Ancora più interessante quanto ha scritto il famoso docente dell'Università ebraica di Gerusalemme, George L. Mosse, nel suo libro: "Il razzismo in Europa":  "Come abbiamo già detto, era stato Mussolini stesso a enunciare il principio: discriminare non perseguire. Tuttavia l'esercito italiano si spinse anche più in là, INDUBBIAMENTE CON IL TACITO CONSENSO DI MUSSOLINI (…) ".

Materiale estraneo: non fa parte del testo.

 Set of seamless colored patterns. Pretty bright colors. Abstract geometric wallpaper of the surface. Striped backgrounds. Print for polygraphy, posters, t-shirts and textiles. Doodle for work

Osserva il giornalista Franco Monaco: " I giovani Vittorio e Bruno Mussolini difesero a spada tratta i loro amici israeliti e fecero sapere che, se necessario, li avrebbero ospitati a Villa Torlonia ". Non è un mistero che dopo l'8 settembre 1943, quando lo "scudo protettivo" eretto da Mussolini si fece più difficile da sorreggere, l'opera di salvataggio continuò; il "cattivo" Roberto Farinacci nascose una famiglia di ebrei nella sua tipografia a Cremona, così Giorgio Almirante ospitò nella sua casa un'altra famiglia di ebrei, quella stessa famiglia che "nelle radiose giornate" salvò la vita al futuro segretario del MSI.
Ecco perché non sono d'accordo con gli ebrei: la menzogna è sempre e comunque un'infamia che diventa ben più grave quando tende a colpire un "giusto", un "giusto" che rischiò addirittura la rottura con i tedeschi, pur di salvare coloro che poi lo avrebbero accusato di ogni nefandezza.
Quanto sopra riportato sono solo alcuni esempi di una ben più vasta e documentata letteratura.
Guido Gerosa, storico, ha scritto: <"I primi episodi di vere persecuzioni di deportazioni e massacri avvennero dopo l'8 settembre 1943 ". Se tutto ciò è vero è azzardato concludere che solo l'antifascismo fu il responsabile dei suddetti massacri e deportazioni; quando cioè lo "scudo protettivo" venne, parzialmente a mancare.
Altro che andare ad elemosinare un incontro con il Governo israelita; gli israeliti dovrebbero andare ad inginocchiarsi dinnanzi alla tomba di Predappio!